Der Tatbestand des § 74 Abs. 2 Z. 1 in Verbindung mit § 7 Abs. 1 lit. b LMG 1975 wird verwirklicht durch das Inverkehrbringen unter anderem von wertgeminderten Lebensmitteln, ohne daß die Wertminderung deutlich und allgemein verständlich kenntlich gemacht ist. Zu diesem Tatbestand gehört nicht auch eine wie immer geartete nachteilige Beeinflussung der Waren durch den Inverkehrbringer. Es bedurfte daher nicht der vom Beschwerdeführer vermißten Ausführungen darüber, ob und wodurch er eine negative Beeinflussung der Waren herbeigeführt habe.

4. In der Frage der rechtswirksamen Bestellung des Abteilungsleiters K zum verantwortlichen Beauftragten für die Frischwarenabteilung hält der Beschwerdeführer die Ansicht der belangten Behörde, es bedürfe insoweit eines aus der Zeit vor der Begehung der Tat stammenden Zustimmungsnachweises, für verfehlt.

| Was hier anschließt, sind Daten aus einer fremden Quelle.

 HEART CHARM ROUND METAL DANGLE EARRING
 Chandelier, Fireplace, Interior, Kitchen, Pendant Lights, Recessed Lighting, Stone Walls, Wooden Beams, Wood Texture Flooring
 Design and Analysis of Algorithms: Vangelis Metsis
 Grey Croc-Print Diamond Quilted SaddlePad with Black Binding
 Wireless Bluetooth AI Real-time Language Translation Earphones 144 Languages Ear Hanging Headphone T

Auch ein Zeugenbeweis komme als tauglicher Nachweis in Betracht. Die belangte Behörde hätte daher seinem Antrag auf Vernehmung des Prokuristen G zum Nachweis für die rechtswirksame Bestellung des Abteilungsleiters K zum verantwortlichen Beauftragten entsprechen müssen.

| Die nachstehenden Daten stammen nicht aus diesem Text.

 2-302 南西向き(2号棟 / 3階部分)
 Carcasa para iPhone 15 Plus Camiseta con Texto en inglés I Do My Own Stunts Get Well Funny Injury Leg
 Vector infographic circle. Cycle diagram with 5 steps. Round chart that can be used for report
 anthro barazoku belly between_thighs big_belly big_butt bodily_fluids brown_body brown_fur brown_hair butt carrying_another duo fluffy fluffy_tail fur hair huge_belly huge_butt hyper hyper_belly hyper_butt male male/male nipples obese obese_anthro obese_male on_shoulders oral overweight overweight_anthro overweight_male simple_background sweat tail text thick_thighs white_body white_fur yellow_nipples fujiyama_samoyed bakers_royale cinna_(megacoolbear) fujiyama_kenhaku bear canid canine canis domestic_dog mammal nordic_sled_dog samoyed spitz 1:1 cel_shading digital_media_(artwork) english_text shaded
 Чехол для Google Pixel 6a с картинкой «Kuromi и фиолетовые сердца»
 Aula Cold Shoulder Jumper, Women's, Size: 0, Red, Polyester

Auch dieses Vorbringen ist nicht berechtigt. Nach § 9 Abs. 4 VStG kann verantwortlicher Beauftragter unter anderem nur eine Person sein, die ihrer Bestellung nachweislich zugestimmt hat. Wie der Verwaltungsgerichtshof in ständiger Rechtsprechung erkennt (vgl. zuletzt sein Erkenntnis vom 25. Jänner 1993, Zl. 92/10/0467, mit weiteren Judikaturhinweisen), bedarf es dazu eines aus der Zeit vor der Begehung der Übertretung stammenden Zustimmungsnachweises. Von einem solchen kann nur dann gesprochen werden, wenn ein die Zustimmung zur Bestellung zum verantwortlichen Beauftragten betreffendes Beweisergebnis schon vor Begehung der Tat vorhanden war (etwa in Form einer entsprechenden Urkunde, aber auch einer Zeugenaussage etc.). Da dies auf ein erst nach diesem Zeitpunkt zustandegekommenes Beweisergebnis nicht zutrifft, genügt es zur Erbringung des vom Gesetzgeber geforderten Zustimmungsnachweises jedenfalls nicht, wenn sich der diesbezüglich beweispflichtige Beschuldigte etwa auf die erst im Verwaltungsstrafverfahren abzulegende Zeugenaussage des verantwortlichen Beauftragten oder seine Parteienvernehmung beruft, mit der dessen Zustimmung zur Bestellung unter Beweis gestellt werden soll.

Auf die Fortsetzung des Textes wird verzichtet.